Nos últimos vinte minutos Jorge Jesus começou a lançar no jogo alguns dos jogadores mais utilizados na equipa principal (Waldchmidt, Weigel, Rafa e Grimaldo) provavelmente com a ideia lhes dar ritmo, sem cansar, para o clássico de sexta-feira, no Dragão.

No fim ficam na retina algumas boas movimentações, daquelas que não enganam, de Gonçalo Ramos - retirado muito cedo do jogo, foi o primeiro a sair para entrar... Ferreyra -, e muita qualidade de Pedrinho. Mas também Todibo, na estreia, revelou grande qualidade no trato da bola. Provavelmente com um adversário superior não poderá dar largas à sua exuberância nesse capitulo, e poderão ser-lhe exigidas outras competências que hoje não lhe foram requeridas. Mas jogar bem à bola é sempre bom indicador.

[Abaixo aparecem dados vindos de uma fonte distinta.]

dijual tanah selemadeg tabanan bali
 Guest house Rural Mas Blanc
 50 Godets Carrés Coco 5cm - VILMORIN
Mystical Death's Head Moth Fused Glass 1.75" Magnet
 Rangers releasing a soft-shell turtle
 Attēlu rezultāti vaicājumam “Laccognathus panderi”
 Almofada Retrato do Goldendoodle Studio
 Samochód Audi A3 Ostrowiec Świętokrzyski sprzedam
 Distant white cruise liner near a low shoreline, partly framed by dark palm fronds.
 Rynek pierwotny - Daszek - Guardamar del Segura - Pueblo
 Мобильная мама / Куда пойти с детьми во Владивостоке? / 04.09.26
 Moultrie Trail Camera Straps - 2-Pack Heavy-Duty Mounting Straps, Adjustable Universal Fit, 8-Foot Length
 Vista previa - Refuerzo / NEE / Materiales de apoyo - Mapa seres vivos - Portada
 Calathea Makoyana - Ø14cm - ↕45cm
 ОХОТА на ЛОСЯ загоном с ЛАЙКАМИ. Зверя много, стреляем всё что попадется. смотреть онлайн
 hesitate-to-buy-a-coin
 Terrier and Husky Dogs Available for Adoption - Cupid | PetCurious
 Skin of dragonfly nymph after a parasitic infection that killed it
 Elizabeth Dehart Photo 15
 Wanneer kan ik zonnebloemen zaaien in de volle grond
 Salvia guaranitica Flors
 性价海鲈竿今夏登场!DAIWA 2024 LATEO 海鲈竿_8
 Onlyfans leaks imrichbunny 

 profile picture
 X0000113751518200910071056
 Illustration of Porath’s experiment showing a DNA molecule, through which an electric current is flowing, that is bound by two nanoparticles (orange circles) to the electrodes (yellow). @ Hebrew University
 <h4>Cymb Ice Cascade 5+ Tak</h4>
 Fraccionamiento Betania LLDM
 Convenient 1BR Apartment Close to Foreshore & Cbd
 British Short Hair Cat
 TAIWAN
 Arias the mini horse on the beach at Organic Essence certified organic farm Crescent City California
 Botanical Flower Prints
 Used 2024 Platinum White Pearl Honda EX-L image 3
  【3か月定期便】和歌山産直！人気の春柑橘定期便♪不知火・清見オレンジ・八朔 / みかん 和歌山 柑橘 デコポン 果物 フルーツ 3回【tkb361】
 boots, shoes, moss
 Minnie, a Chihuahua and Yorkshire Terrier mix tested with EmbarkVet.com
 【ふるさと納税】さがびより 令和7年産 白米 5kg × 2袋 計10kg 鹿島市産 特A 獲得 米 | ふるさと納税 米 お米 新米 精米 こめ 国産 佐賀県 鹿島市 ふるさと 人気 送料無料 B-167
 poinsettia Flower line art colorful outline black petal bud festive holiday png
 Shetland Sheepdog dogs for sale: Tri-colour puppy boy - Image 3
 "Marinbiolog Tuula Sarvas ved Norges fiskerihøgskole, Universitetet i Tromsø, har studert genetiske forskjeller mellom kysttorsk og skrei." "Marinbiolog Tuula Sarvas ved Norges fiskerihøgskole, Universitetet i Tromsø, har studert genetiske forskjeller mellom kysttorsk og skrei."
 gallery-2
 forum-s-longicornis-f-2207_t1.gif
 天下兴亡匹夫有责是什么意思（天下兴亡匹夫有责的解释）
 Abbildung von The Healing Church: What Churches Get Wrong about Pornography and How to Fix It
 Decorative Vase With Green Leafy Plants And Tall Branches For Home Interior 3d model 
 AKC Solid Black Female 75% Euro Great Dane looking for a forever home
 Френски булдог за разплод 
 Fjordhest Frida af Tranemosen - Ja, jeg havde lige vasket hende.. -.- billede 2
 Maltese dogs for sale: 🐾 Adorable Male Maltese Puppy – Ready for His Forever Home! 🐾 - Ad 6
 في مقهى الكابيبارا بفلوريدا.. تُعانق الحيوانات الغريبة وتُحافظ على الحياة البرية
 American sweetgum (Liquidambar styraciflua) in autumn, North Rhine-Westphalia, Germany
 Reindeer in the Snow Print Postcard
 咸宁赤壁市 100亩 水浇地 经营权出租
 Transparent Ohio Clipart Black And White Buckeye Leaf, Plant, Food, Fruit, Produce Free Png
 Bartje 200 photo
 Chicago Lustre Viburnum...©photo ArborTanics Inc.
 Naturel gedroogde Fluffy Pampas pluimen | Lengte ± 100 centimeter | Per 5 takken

E fica o apuraamento para os quartos de  final. Onde o Sporting já não está, eliminado na Madeira, pelo Marítimo. E onde está também o Porto, porque, também na Madeira, mas contra o Nacional, se apurou à custa de mais uma arbitragem escandalosa. Que expulsou (segundo amarelo) um defesa do Nacional quando acabara de virar o resultado para 2-1, a meia hora do fim, que nem falta fez. Que evitou o segundo amarelo a dois jogadores do Porto (Zaidu e Taremi) em situações claras de punição disciplinar e, que, não fosse isto pouco, validou o golo do empate, em cima do minuto 90, iniciado num lance de mão de Taremi, lançando o Porto, com 11 em vez de 9, para o prolongamento de 30 minutos contra uma equipa que jogou mais de uma hora com um jogador a menos, e mal expulso.

Mas não se passa nada. Nunca se passa nada nestas coisas...

 

Enigma

As coisas não mudam de um dia para o outro. Às vezes no futebol mudam, mas para isso é necessário que algo de estrutural mude. As vezes acontece...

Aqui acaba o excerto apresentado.